-------- STORED DATA
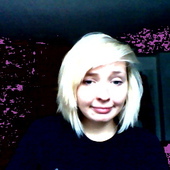 Avatar for at-odd-times
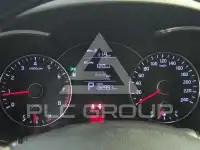 2015 KIA K3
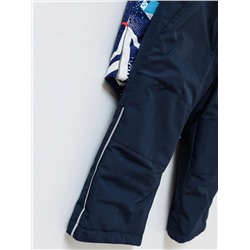 BATIK Комплект 750-25з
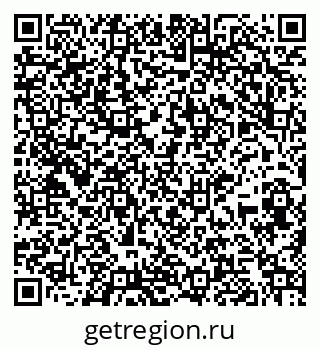 79265809439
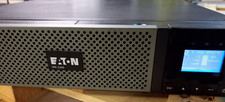 Onduleur eaton 5px2200rt d'occasion Onduleur eaton 5px2200rt d'occasion  Antibes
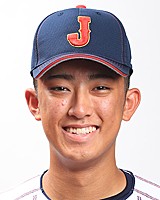 織田 翔希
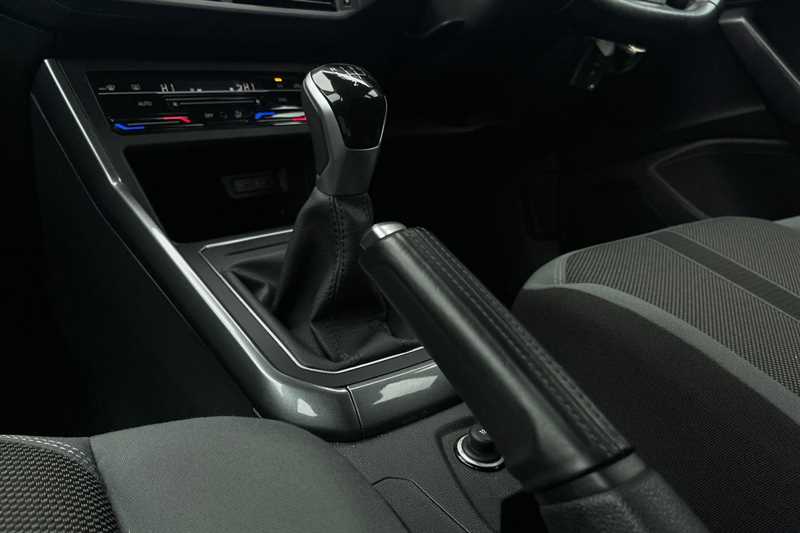 Used Volkswagen Polo 2022 for sale - 77576676: Photo 35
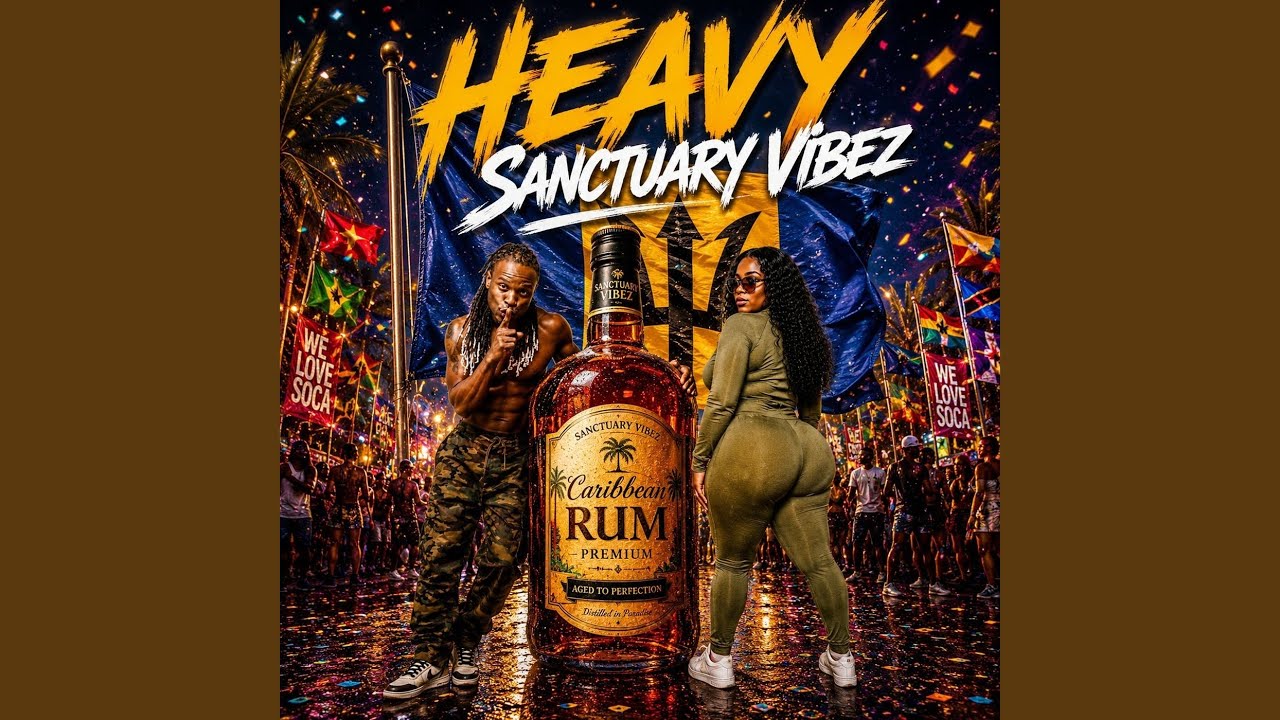Watch Heavy on YouTube Watch Heavy on YouTube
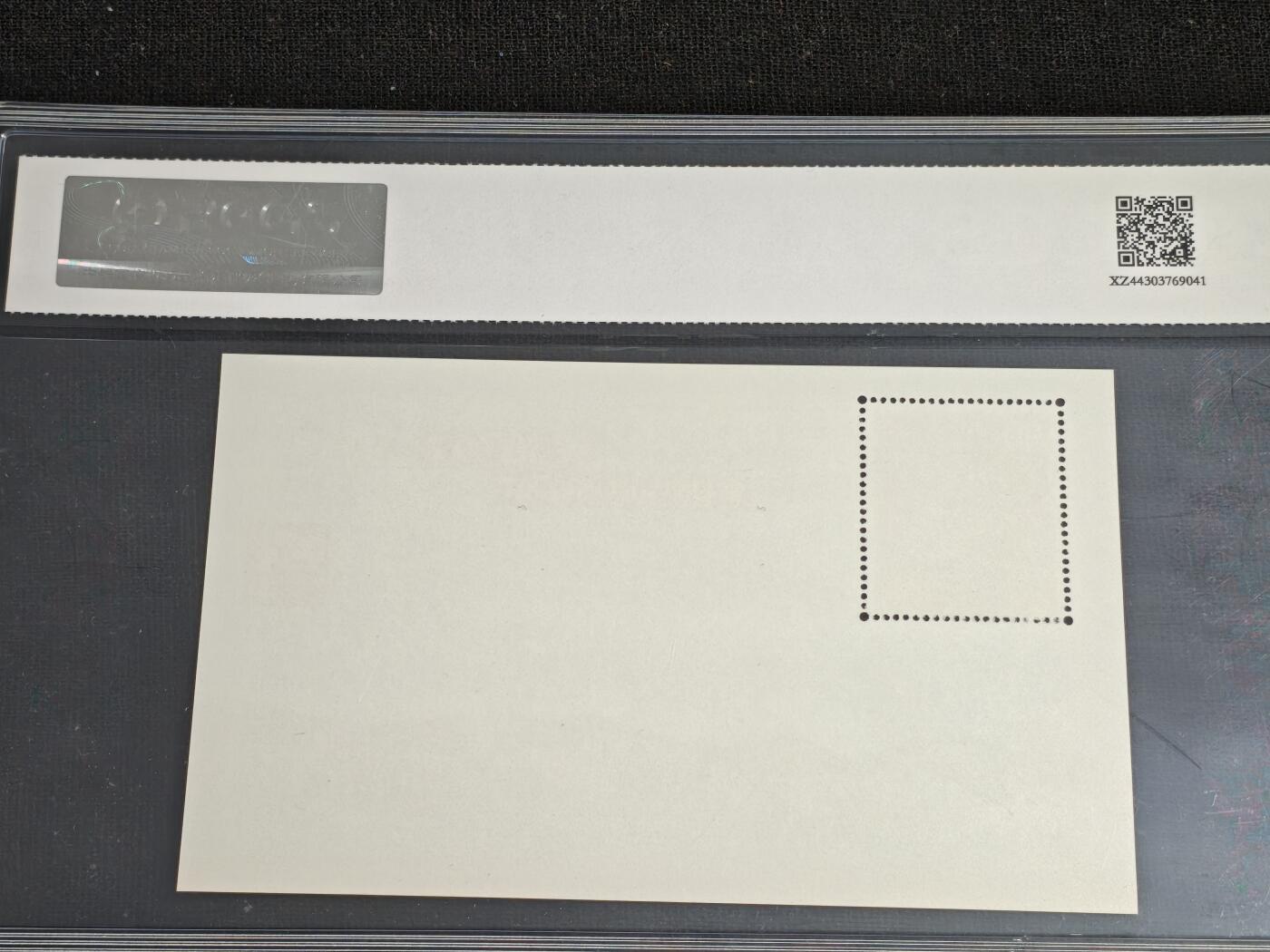 刘世昌艺术品销售中心～虎踞龙蟠*金杨在线联拍群第516期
----------------
» **AIM OF THE EXERCISE**
Print the material above word for word, and keep the pictures out of it.

» **COMPLETED EXERCISE**
 Avatar for at-odd-times
 2015 KIA K3
 BATIK Комплект 750-25з
 79265809439
 Onduleur eaton 5px2200rt d'occasion Onduleur eaton 5px2200rt d'occasion  Antibes
 織田 翔希
 Used Volkswagen Polo 2022 for sale - 77576676: Photo 35
Watch Heavy on YouTube Watch Heavy on YouTube
 刘世昌艺术品销售中心～虎踞龙蟠*金杨在线联拍群第516期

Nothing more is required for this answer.